I’m turning to John Allspaw again as his blog post is (still) unequalled on the topic: 

Of course, for all this, it is also important to mention that no matter how hard we try, this incident will happen again, we cannot prevent the future from happening. What we can do is prepare: make sure we have better tools, more (helpful) information, and a better understanding of our systems next time this happens. Emphasizing this often helps people keep the right priorities top of mind during the meeting, rather than rushing to remediation items and looking for that “one fix that will prevent this from happening next time”. It also puts the focus on thinking about what tools and information would be helpful to have available next time and leads to a more flourishing discussion, instead of the usual feeling of “well we got our fix, we are done now”. 

…We want the engineer who has made an error give details about why (either explicitly or implicitly) he or she did what they did; why the action made sense to them at the time. This is paramount to understanding the pathology of the failure. The action made sense to the person at the time they took it, because if it hadn’t made sense to them at the time, they wouldn’t have taken the action in the first place. 

So, good postmortems don’t stop at blaming the silly / incompetent / dangerous humans, and recognizes that mistakes and disasters are a normal part of doing business. Our job is to collect as much information as possible so we can provide more information to the people who need it the next time that combination of events takes place, shortening the recovery cycle. 

I remember saying this when I was at Columbia Sportswear, long before I knew what a blameless postmortem was, when something went awry: “I’m OK with making mistakes. I just want to make new and different mistakes.”  

Stopping At Human Causes Is Lazy 

During the postmortem process, the facilitator helps the team drill down a little deeper behind human error: 

… As we go along the logs, the facilitator looks out for so-called second stories – things that aren’t obvious from the log context, things people have thought about, that prompted them to say what they did, even things they didn’t say. Anything that could give us a better understanding of what people were doing at the time – what they tried and what worked. The idea here being again that we want to get a complete picture of the past and focusing only on what you can see when you follow the logs gives us an impression of a linear causal chain of events that does not reflect the reality. 

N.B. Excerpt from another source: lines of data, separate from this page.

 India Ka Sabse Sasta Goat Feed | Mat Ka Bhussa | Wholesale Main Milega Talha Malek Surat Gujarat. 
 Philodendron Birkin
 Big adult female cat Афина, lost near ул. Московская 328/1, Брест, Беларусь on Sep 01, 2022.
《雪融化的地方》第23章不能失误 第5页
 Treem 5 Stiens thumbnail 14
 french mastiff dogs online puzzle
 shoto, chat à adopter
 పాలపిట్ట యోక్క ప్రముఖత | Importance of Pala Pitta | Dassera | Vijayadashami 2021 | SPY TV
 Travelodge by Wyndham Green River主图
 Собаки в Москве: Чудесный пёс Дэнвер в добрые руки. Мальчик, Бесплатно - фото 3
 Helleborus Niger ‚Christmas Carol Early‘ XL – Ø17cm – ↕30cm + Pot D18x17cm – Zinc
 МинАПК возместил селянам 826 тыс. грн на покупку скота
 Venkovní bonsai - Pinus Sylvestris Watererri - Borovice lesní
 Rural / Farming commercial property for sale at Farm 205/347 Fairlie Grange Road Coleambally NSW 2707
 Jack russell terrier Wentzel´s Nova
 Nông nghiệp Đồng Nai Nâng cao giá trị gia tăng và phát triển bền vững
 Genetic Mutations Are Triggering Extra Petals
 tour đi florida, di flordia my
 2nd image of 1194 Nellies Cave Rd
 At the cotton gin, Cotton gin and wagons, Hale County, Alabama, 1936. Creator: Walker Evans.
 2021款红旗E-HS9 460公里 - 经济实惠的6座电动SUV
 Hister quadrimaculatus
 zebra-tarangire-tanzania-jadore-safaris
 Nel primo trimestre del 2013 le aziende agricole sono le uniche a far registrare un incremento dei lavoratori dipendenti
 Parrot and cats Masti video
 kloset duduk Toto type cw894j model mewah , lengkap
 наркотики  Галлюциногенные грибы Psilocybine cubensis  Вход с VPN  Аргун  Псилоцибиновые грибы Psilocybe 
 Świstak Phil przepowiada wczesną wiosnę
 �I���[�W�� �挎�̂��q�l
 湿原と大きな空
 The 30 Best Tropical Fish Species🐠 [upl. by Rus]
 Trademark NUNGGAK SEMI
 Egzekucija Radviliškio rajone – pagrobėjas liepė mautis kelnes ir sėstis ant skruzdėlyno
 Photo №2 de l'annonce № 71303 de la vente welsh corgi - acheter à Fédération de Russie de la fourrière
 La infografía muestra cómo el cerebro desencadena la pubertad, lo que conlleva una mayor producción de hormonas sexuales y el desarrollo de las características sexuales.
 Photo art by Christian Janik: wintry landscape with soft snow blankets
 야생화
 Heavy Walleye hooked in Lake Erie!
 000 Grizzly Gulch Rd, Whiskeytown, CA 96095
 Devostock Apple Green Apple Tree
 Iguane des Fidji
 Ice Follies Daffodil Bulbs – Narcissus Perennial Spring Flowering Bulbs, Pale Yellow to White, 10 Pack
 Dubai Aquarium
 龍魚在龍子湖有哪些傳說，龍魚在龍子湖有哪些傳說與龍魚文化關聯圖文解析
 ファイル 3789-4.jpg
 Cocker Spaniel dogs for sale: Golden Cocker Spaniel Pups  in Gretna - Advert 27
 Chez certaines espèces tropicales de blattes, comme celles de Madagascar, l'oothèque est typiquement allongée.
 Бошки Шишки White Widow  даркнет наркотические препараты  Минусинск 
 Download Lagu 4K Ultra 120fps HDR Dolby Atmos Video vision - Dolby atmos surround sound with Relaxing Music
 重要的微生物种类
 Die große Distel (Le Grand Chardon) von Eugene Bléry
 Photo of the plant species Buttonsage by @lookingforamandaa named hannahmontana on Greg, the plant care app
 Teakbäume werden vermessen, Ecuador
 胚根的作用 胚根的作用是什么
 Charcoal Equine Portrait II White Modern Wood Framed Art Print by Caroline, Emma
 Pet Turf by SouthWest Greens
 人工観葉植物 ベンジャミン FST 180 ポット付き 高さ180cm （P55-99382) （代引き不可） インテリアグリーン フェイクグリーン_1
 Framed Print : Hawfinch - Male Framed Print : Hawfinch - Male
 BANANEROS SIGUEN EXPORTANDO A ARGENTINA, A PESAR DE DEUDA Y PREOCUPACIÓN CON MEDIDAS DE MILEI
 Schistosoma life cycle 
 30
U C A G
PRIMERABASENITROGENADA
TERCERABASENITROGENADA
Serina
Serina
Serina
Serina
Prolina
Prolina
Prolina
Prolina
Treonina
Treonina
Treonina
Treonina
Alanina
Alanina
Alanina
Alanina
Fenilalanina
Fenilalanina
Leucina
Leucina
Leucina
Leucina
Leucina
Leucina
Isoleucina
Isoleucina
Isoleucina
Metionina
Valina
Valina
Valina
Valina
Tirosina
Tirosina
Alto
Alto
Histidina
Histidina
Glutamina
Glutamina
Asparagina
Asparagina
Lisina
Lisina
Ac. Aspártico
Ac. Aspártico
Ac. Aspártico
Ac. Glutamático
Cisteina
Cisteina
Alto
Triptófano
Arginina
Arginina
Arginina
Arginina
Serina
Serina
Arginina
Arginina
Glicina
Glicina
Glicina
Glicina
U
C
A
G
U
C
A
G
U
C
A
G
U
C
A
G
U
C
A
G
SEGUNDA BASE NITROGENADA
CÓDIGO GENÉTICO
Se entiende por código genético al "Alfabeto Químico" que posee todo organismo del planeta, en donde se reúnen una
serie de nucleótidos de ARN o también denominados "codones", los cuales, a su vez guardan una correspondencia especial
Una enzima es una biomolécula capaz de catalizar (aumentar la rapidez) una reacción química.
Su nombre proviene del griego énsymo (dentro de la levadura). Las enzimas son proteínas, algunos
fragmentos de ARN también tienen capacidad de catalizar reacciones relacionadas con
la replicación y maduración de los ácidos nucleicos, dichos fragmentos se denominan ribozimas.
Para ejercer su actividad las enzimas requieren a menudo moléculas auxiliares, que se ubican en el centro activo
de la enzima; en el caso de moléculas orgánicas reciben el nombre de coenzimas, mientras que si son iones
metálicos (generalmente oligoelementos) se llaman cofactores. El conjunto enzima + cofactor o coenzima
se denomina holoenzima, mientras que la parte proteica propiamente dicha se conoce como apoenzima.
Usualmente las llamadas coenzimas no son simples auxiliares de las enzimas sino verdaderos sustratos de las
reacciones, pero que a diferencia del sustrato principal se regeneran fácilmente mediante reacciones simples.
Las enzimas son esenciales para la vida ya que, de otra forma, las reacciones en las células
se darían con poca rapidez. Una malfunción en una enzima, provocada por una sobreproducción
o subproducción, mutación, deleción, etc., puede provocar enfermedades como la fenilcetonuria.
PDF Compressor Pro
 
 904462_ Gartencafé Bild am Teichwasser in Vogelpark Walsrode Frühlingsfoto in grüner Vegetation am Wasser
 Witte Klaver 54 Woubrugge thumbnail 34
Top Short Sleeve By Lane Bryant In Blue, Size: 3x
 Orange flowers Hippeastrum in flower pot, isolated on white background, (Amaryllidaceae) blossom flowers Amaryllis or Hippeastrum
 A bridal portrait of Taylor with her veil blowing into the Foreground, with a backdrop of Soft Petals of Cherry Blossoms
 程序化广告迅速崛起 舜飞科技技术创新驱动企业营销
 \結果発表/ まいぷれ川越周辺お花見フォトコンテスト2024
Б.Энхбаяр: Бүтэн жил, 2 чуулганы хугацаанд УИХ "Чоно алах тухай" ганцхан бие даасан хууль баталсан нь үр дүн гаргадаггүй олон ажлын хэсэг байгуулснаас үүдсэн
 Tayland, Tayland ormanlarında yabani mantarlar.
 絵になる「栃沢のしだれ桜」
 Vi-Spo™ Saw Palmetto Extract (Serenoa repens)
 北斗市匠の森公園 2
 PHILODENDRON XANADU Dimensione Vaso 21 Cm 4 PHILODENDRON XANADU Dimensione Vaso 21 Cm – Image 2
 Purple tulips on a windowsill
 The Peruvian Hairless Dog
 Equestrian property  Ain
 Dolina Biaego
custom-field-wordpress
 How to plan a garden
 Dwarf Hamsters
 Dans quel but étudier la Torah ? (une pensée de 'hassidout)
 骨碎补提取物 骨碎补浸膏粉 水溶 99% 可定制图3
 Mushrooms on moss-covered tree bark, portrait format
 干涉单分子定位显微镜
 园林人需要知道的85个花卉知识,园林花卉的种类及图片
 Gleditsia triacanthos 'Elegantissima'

Etsy didn’t invent that; this comes from the great book “Behind Human Error” by David Woods and Sidney Dekker, which distinguished between the obvious (human) culprits and the elusive “second story” -what caused the humans involved to make a mistake: 

First Stories 

Second Stories 

Human error is seen as cause of failure 

Human error is seen as the effect of systemic vulnerabilities deeper inside the organization 

Saying what people should have done is a satisfying way to describe failure 

Saying what people should have done doesn’t explain why it made sense for them to do what they did 

Telling people to be more careful will make the problem go away 

Only by constantly seeking out its vulnerabilities can organizations enhance safety 

The other giant in the field is Sidney Dekker, who called processes that stop at human error as the “Bad Apple Theory”. The thinking goes that if we get rid of bad apples, we’ll get rid of human-triggered errors. This type of thinking is seductive, tempting. But it simply does not go far enough, and will end up encouraging less transparency. Engineers will stop trusting management, information flow upwards will dry up. Systems will become harder to manage and unstable as less information is shared even within teams. Lacking understanding of the context behind how an incident occurred practically guarantees a repeat incident. 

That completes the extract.